Crack of Thunder - 80%

LickMyOrangeBallsHalfling, July 8th, 2019

Some bands, while obviously influenced by other artists, will deny this influence vehemently in a display of individualism. Quorthon had NEVER heard Venom when he made Bathory's first album, not at all! The plagiarized lyrics to Raise The Dead? Pure coincidence, of course. I can appreciate these bands, mostly for the sheer chutzpah it takes to deny such an obvious influence. After all, no band wants to be seen as copycats, right?

Well, some bands are on the opposite side of the spectrum, and wholeheartedly embrace their riff-swiping ways. These bands will rip off an entire song riff-for-riff, only stopping to inject a riff plundered from a different band in the middle. I am talking, of course, of Aura Noir. Aura Noir, shamelessly a throw back to the glory days of brutal, breakneck thrash metal, back when the lines between thrash and black metal were deeply blurry. "Black Thrash Attack," their 1996 debut album, tends to lean towards the thrash side of the equation, but with an air of rawness and menace that justifies the inclusion of the "Black."
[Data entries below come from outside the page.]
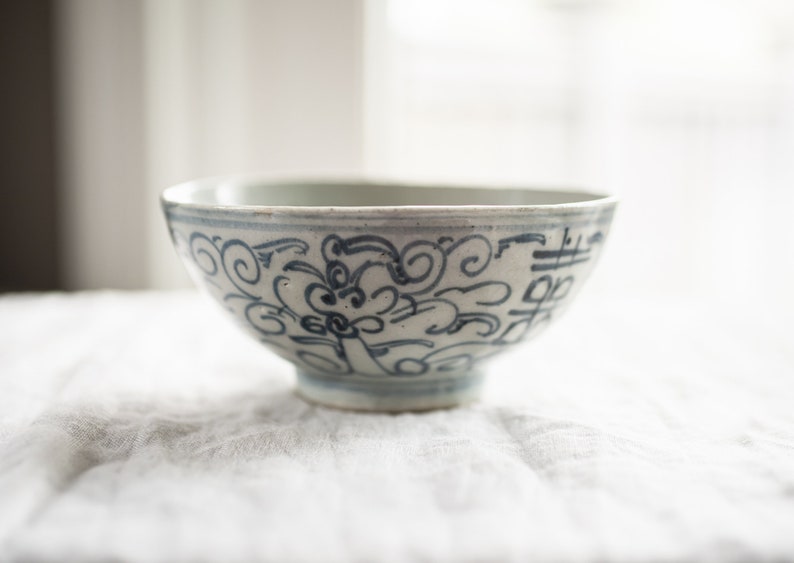Ming Dynasty Zhangzhou Ware Blue and White Porcelain Rice Bowl, 1600s Antique Chinese Pottery image 1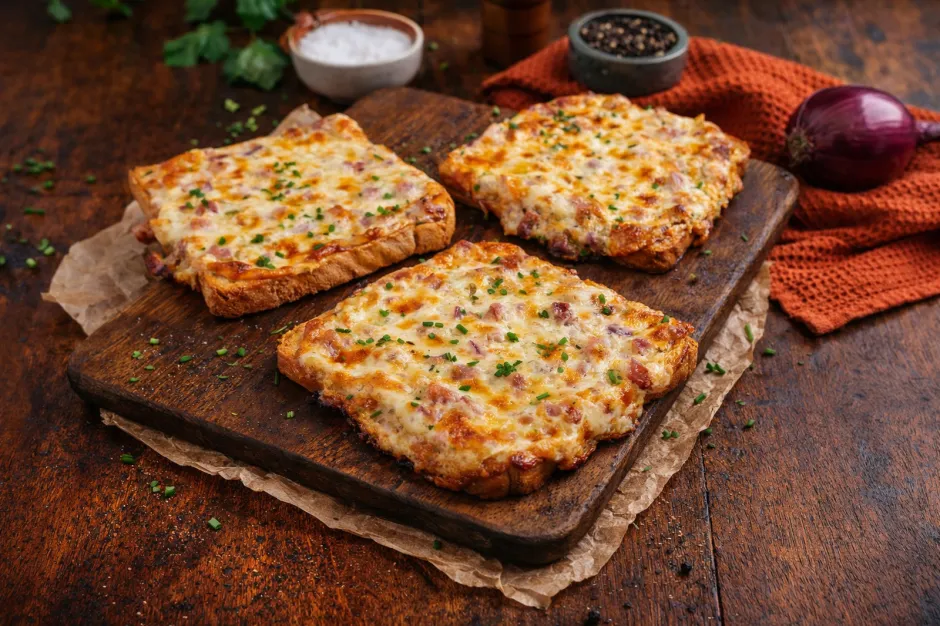 &Uuml;berbackener Toast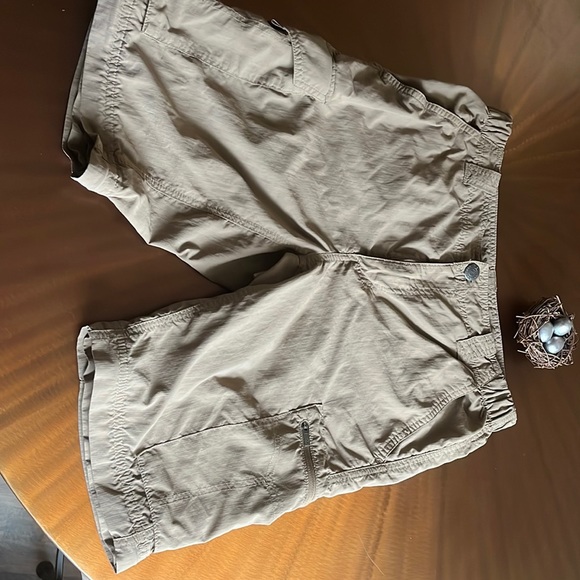 Shorts - Picture 7 of 7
Of note here is that this album (and all their other work) features the input of two songwriters, co-frontmen Apollyon and Aggressor. Each have their own little quirks and idiosyncrasies when it comes to songwriting, but the overall musical style doesn't differ too much between songs. If there's one major difference I noticed, it's that Apollyon's songs tend to have more midpaced, Celtic Frost style sections that break into chaotic tremolo riffs at a moment's notice. Aggressor's songs straddle the line between black and thrash, and overall I'd peg him as the stronger songwriter. Most of my favorite songs on this album are his, and ultimately I think it just boils down to a very simple principle: the guy writes some killer riffs.

"Sons of Hades" starts the album off at full throttle. One thing about Aura Noir is that they always seem to change riffs just before you expect them to, taking you by surprise when it happens, and adding to the chaos, as exhibited perfectly on "Sons of Hades." Aggressor uses a gruff rasp, reminiscent of someone like Cronos or Tom G Warrior, a major factor in the band's old school feel. Up next is Apollyon's "Conqueror," which takes the cake for my favorite song on the album, despite my general preference for Aggressor. This song is just killer riff after killer riff, but they flow together in an organic way, rather than just being jammed together for the sake of it. It feels like actual songwriting and not just patchwork riffs sewn together. Apollyon takes a bit more of a traditional black metal approach to the vocals, using a harsher shriek than Aggressor.

From there, each does vocals on every other song, which I wouldn't be surprised if it was a tribute to Kreator, whose influence is very apparent on these songs. The jagged, angular (as much as I hesitate to use a word like that) riffs instantly call to mind Mille and co. Which brings me to the point from the start of my review: the hero worship.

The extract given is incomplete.